**Data extract**
▬▬▬
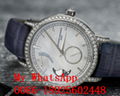 Wholesale  Vacheron Constantin watch automatic women's VC watch  4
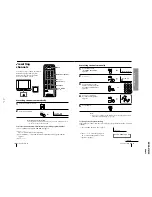 Preview for 11 page of Sony KV-XA21M93 Service Manual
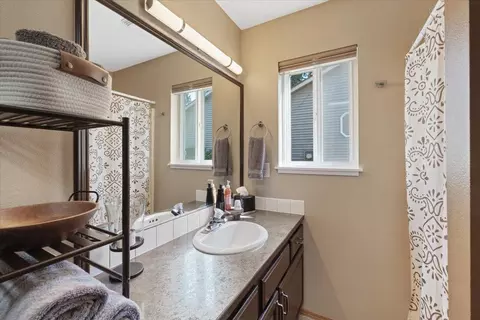 4313 E 39th Ave, Spokane, WA 99223 photo 14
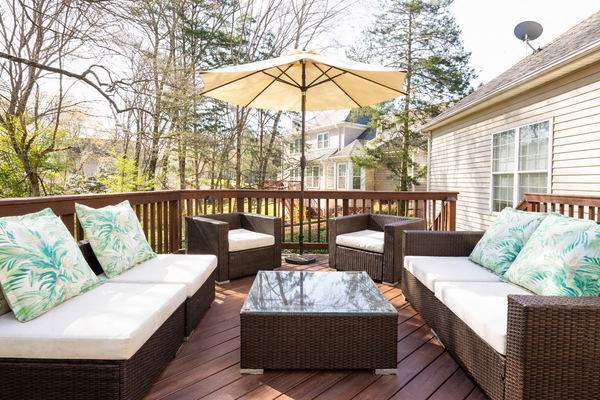Near Carowinds, Fire Pit, Great Location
▬▬▬
**Task description**
What you give back must match the material above exactly, minus its pictures.

**Task output**
 Wholesale  Vacheron Constantin watch automatic women's VC watch  4
 Preview for 11 page of Sony KV-XA21M93 Service Manual
 4313 E 39th Ave, Spokane, WA 99223 photo 14
Near Carowinds, Fire Pit, Great Location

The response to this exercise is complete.